Mr D worked as an oil industry welder in the UK. In March 1999 he bought a car on hire purchase and took out insurance to cover the loan repayments. In June 1999 his employment was terminated. He obtained work as a welder through an agency in Manchester and was employed in Belgium from August 1999 until January 2000, when that job was terminated. He then returned to the UK and signed on as unemployed.
The insurer rejected his claim for unemployment benefit on the ground that the policy contained an exclusion for anyone working outside the UK.
Mr D was a UK citizen who had returned to the UK and was registered for employment here. This was not a case where there was a need for the insurer to make enquiries of the relevant authorities abroad to see whether he met foreign criteria for state benefits. We considered that Mr D had complied with the spirit of the policy terms, if not with the strict wording. The insurer agreed to our recommendation that it should meet the claim and reimburse any penalties charged by the lender.
Mr E was employed as a courier/driver from November 1998 until spring 1999. He submitted disability claims for benefits under a number of loan payment policies, stating that he had been signed off work by his GP from 13 April 1999 for whiplash injuries and anxiety.
When the insurer asked for confirmation of Mr E's employment, his employer stated that his last day at work was 11 April 1999, although on Mr E's P45 the employer had given the date as 31 March. The employer refused to answer all further enquiries from the insurer.
The insurer rejected the claim on the ground that Mr E had ceased working before becoming unwell. However, after Mr E won a claim for unfair dismissal at an industrial tribunal it agreed to review the claim. The insurer paid Mr E disability benefits under the three policies from 13 April until 12 December 1999, the date when his GP said he was fit for work.

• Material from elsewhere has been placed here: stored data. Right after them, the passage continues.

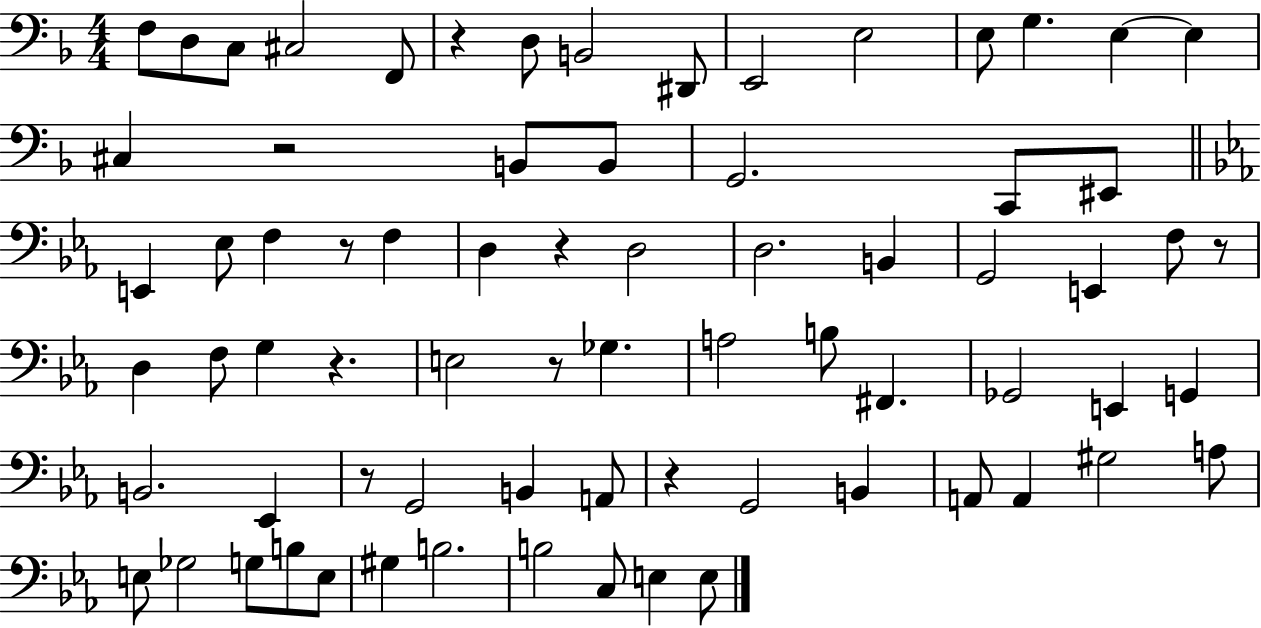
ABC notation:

X:1
T:Untitled
M:4/4
L:1/4
K:F
F,/2 D,/2 C,/2 ^C,2 F,,/2 z D,/2 B,,2 ^D,,/2 E,,2 E,2 E,/2 G, E, E, ^C, z2 B,,/2 B,,/2 G,,2 C,,/2 ^E,,/2 E,, _E,/2 F, z/2 F, D, z D,2 D,2 B,, G,,2 E,, F,/2 z/2 D, F,/2 G, z E,2 z/2 _G, A,2 B,/2 ^F,, _G,,2 E,, G,, B,,2 _E,, z/2 G,,2 B,, A,,/2 z G,,2 B,, A,,/2 A,, ^G,2 A,/2 E,/2 _G,2 G,/2 B,/2 E,/2 ^G, B,2 B,2 C,/2 E, E,/2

Thereafter, Mr E submitted an unemployment claim and was paid benefit under one of his policies for the balance of the policy maximum of 360 days. The insurer rejected Mr E's claims on the other policies because he had cancelled the policies. Mr E said he had only done this because the insurer had refused his disability claims.
Mr E had taken out protection against both disability and unemployment and both these misfortunes had befallen him at the same time. His first sick note was dated 12 April, immediately after his employment was terminated.
We therefore considered that a separate maximum benefit period applied for the unemployment claim and that the insurer should not have combined this with the disability claim. Both policies clearly provided for a maximum unemployment benefit of 360 days. So Mr E's claims should not have been limited by the payment of the earlier disability benefits and his unemployment benefit should have run from the date he was first able to sign on.
With respect to the two cancelled policies, we put it to the insurer that Mr E had cancelled them simply because of justifiable frustration at the handling of his claims, not because he no longer wished the insurer to consider claims under those policies. The insurer agreed to treat the claims as if the policies had continued in force.
ombudsman news gives general information on the position at the date of publication. It is not a definitive statement of the law, our approach or our procedure.
The illustrative case studies are based broadly on real-life cases, but are not precedents. Individual cases are decided on their own facts.